Makes no difference how good we actually are. No matter what, our collective pass rate cannot exceed 80 percent.
I’d guess that at least some other jurisdictions have quota systems along the same lines, though I’ve yet to uncover proof.
What does that 80-percent maximum success rate do for our public image? What impact does it have on the insurance industry’s view of us? Or on the new recruits we so desperately need?
Why would anyone want to work as a driver — or even as a rate clerk, for that matter — if they perceived that 20 percent of the machinery they depend on was formally labelled unfit to be on the road?
But why no outrage? Why haven’t I seen the industry up in arms?
I’ve had emailed letters on this, of course, including one from a veteran player who asked exactly those questions. But the correspondence has come mostly from drivers and small-fleet operators who’ve been at the sharp end of this shameful system. We get such letters all the time anyway — and I mean all the time — but now they’re soaked in even more frustration.
Like this example: a driver who’d been stopped at a scale was fined more than $300 and put out of service for 72 hours because one of his fuel receipts had a different name for the town where he’d filled his tanks than the one he’d put in his log book. He went with what his GPS told him instead of looking at the actual receipt, which was from three days prior. The inspectors went over his truck for an hour but couldn’t find anything wrong — but after all that effort they had come up with something, so they nailed him for a very, very questionable log infraction. Another driver apparently suffered more or less exactly the same fate at about the same time at the same scale.
Now, my correspondent does a daily, dedicated run that’s only 330 miles and he was just 45 miles from home at the time. So it was quite obvious that he was neither tired nor cheating on his log.

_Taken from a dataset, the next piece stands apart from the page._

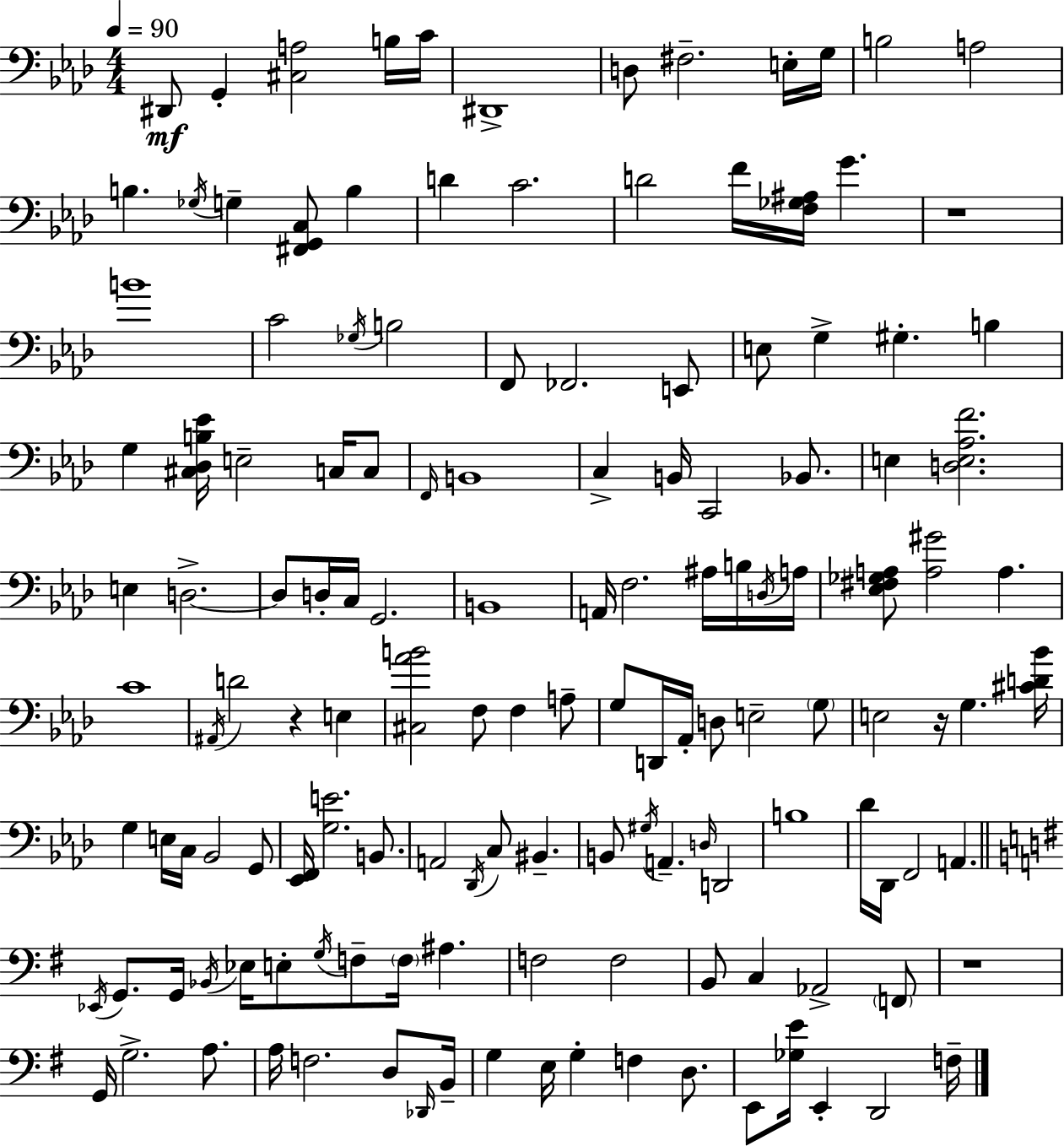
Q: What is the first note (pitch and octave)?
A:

“Unbelievable,” he concluded. I’d say worse.
Let’s go back to outrage. Is there anything else you do in your work or private life where you’d be satisfied knowing that the most you could achieve was 80 percent?

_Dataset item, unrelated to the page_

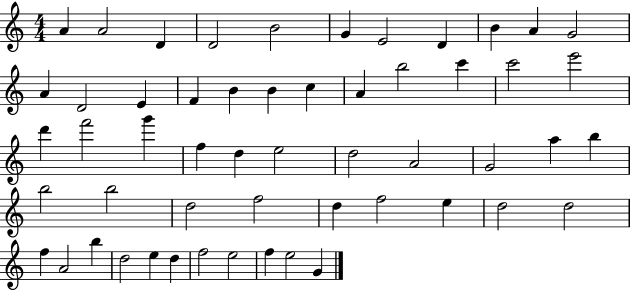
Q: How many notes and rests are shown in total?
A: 54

OK, maybe golf. And fishing.
But seriously, would you see a doctor if you thought he was officially only 80 percent good at what he does? Sure, 100 percent in anything is not a common score, but some people do get there sometimes, and we all have to think it’s possible. We need that target as motivation to be better. Who’s going to get excited about achieving 80 percent?

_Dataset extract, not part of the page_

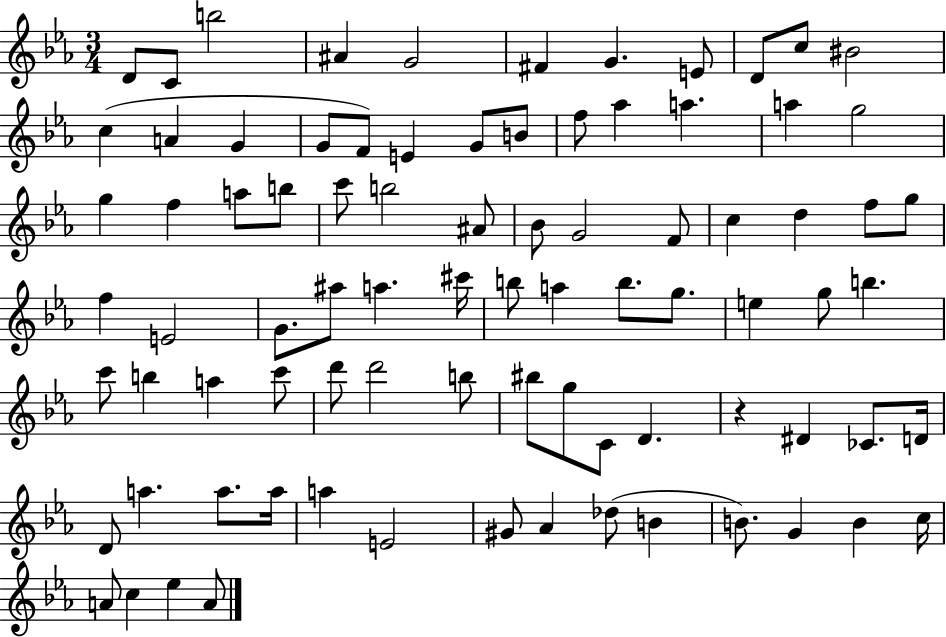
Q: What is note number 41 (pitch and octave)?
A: G4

I could go on and on about the ways in which such a quota does serious harm to an industry that, for the most part, has been busting its hindquarter in recent years to be compliant with a vast and expanding array of safety rules and regs. If you own or manage a fleet of any size at all, you don’t need me to tell you what compliance costs. Just a decade ago you wouldn’t have considered needing to have a vice president of compliance on staff. Now you do.
So, am I wrong in thinking outrage is the right response here?